Freemasonry exists in every part of the globe - in some 60 countries throughout Europe, North and South America, India, Africa, Newfoundland, New Zealand, Australia, the Middle East, the Far East, and even Russia. Total membership is estimated at around 5 million.
The square and compass of Freemasonry - It is a sign universally recognized throughout the world for centuries, as a symbol of truth, morality, and brotherly love.
Although the secrets of Freemasonry have been made public in the past centuries, it doesn't mean everyone knows the mystery of Masonry. In fact, much of the appeal of the Craft is that the great truths revealed in Masonic rituals can take years to understand. Like the building of any great structure, the powerful metaphors and symbols of Masonry build character - and sometimes greatness - one stone at a time.
Who are Masons? Freemasons come from all walks of life. From the Royal Family, from the professions, from business, from trade, and the shop floor, each is a "Brother" to everyone else.
And it is not the prerogative of the rich - it costs far less to be a Mason than to be a member of the local golf club. Freemasonry does not have a restricted or closed membership but is available to all men of good character.
While membership under the Grand Lodge of England is restricted to men, there are other Masonic organizations, which admit only ladies.
What is Freemasonry
- At home, it is benevolence
- In business, it is honesty
- In society, it is politeness
- At work, it is respect
- For the unfortunate, it is sympathy
- To injustice, it is resistance
- For the weak, it is help
- Towards the law, it is loyalty
- Against the wrongdoers, it is forgiveness
- Towards those who think differently, it is tolerance
FREQUENTLY ASKED QUESTIONS
Where can I get more information about the Freemasons?
The best way to get information is to talk to a Mason. He will answer your questions and provide you with additional information; and, if you would like, find a convenient time to meet, introduce you to some other members, and tour their building. You may have some of the same questions as those below - so take a look at the FAQ's.
What are the requirements to become a Mason?

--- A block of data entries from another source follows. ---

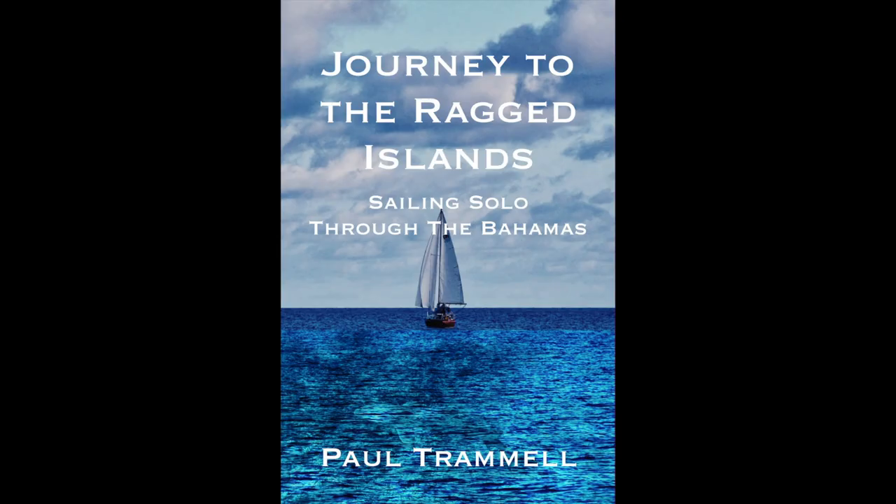This video is brought to you by Journey to the Ragged Islands: Sailing Solo Through the Bahamas by Paul Trammell — a non-fiction sailing adventure book available at Amazon.com.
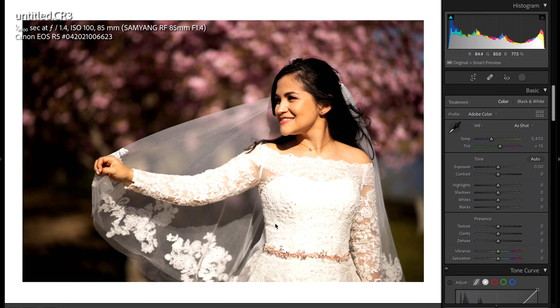This photo was taken with the Samyang 85mm RF f1.4. It's an amazing lens; however, it tends to cast a greenish/yellowish tint to some of the images, unfortunately. So most of my work in Lightroom is going to be spent adjusting the color and making sure the subject really stands out. So without further ado, let's get started.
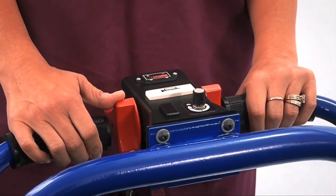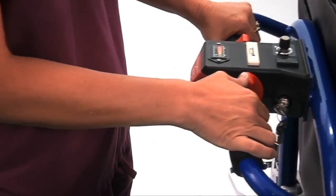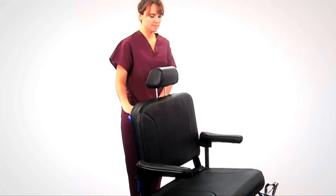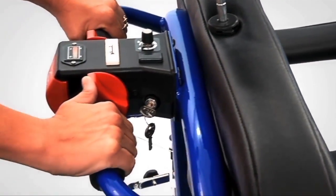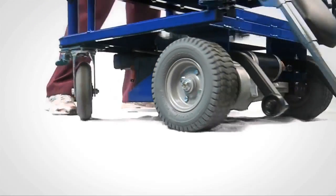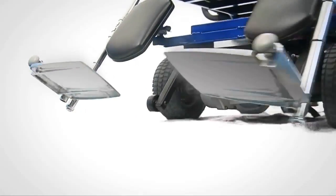The further you push the control, the faster the Breeze will go, similar to a car. Steer the Breeze the same way you would a manual wheelchair. To stop, remove your thumb from the accelerator. The Breeze will come to a complete stop. The Breeze can also be moved manually without the power drive.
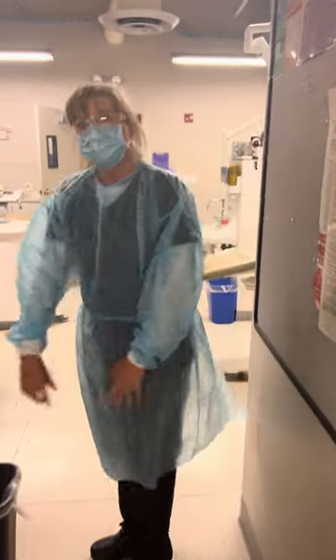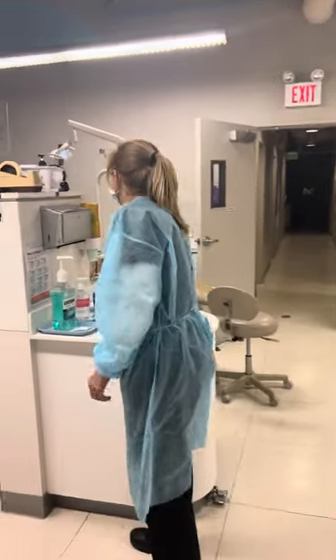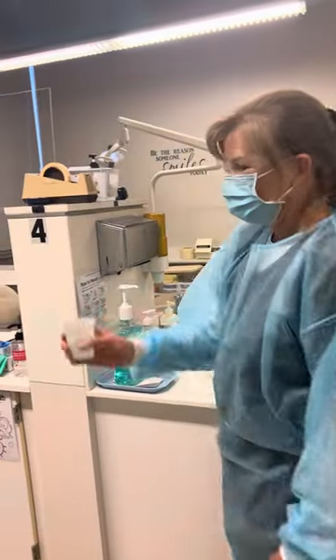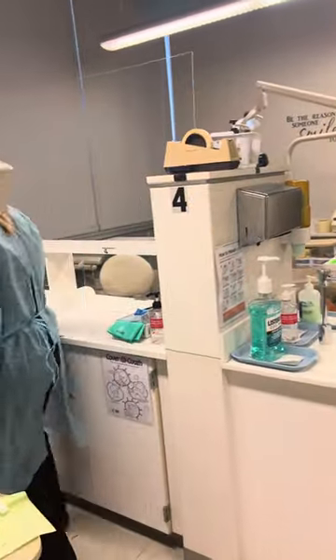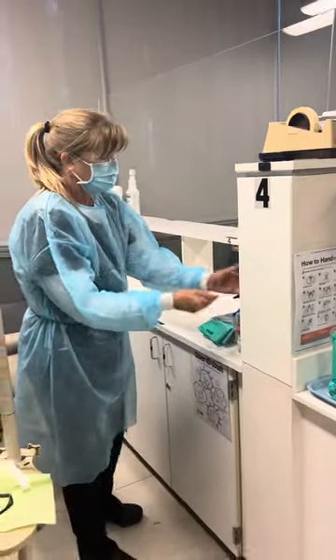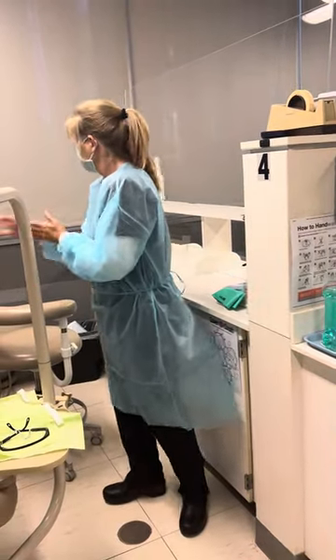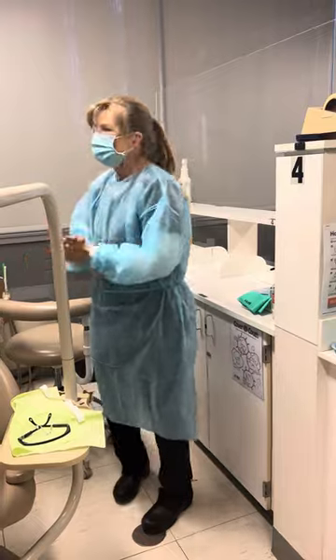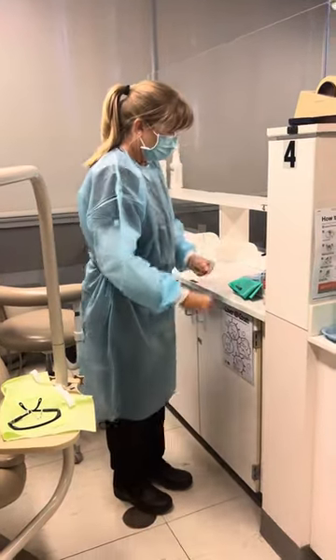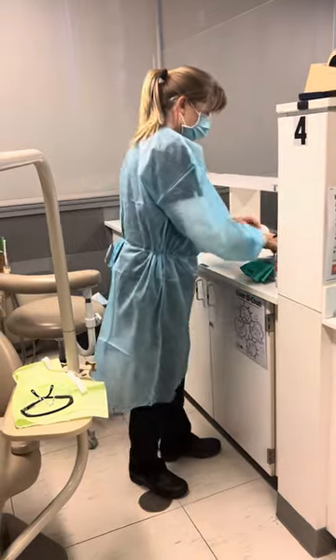Professor Monk just released her patient and she's coming back to grab a cup for the water lines. She'll put it in an area where she can grab it, then do hand hygiene. Now we're going to break down the room, so she's going to glove up because this is contaminated — we just saw a patient and we don't want to touch anything without gloves on.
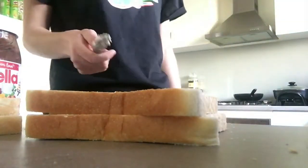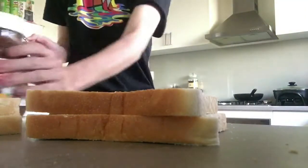Alright, now next, we are going to need the Nutella.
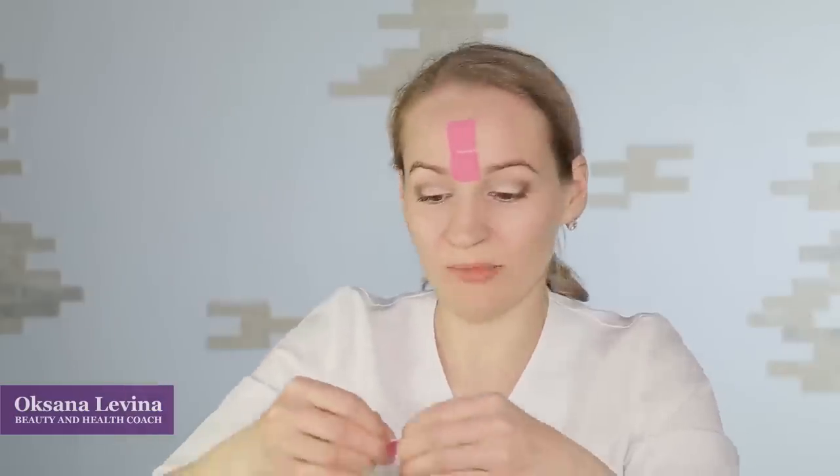Moving on to the lateral wrinkles on your forehead. Again, unstick the paper till the middle of the tape. Stretch out your forehead and apply your tape. Unstick the paper and stick your tape to the forehead without stretching out the tape. Continue taping your forehead, stretching out the lateral wrinkles and fixating them with a tape.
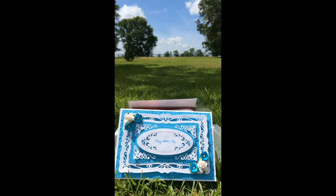So I love those Spellbinders dies. The card base is just some Stampin' Up! card stock. The turquoise card stock that you see is Paper Studio card stock.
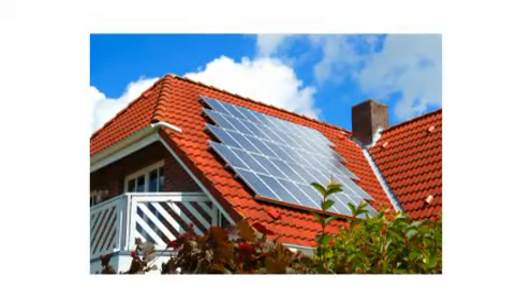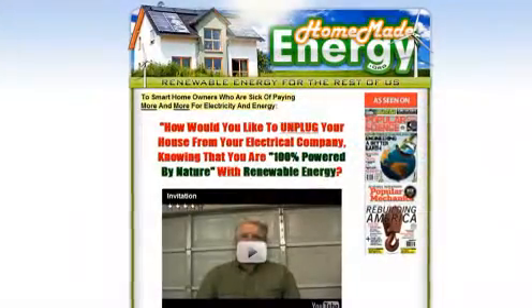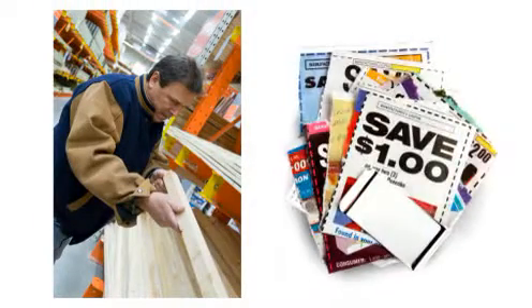Traditionally, capturing green energy has required a large upfront investment. But times have changed, and now there are ways to create your own power by buying inexpensive materials from your local hardware store. You'll learn what you need to buy and how to get the best price.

Anyone meeting the following primary requirements may petition a lodge for membership:
- You are an adult male (18 or older) of good character and recommended by a Mason.
- You believe in a Supreme Being - but we are not concerned with theological distinctions or your particular religious beliefs.
- You are interested in becoming a Mason because you hold a favorable opinion of our institution; and, your decision to apply is based on your own "free will and accord" - no one compelled you to join.
How do I become a Freemason? Ask!
Because Masons have not traditionally recruited members, and do not hold public meetings, there has long been confusion about how to join the Fraternity. Does someone ask you? Do you ask? But if you meet the requirements above, it is really quite simple:
Most men can become a Mason by simply asking. Each Lodge manages the membership process for its candidates. In general, men seek out a Lodge near their home or work, or they ask a Mason to recommend a Lodge to them. Once you've found a lodge you would like to join, let them know of your interest and they will provide you with a petition.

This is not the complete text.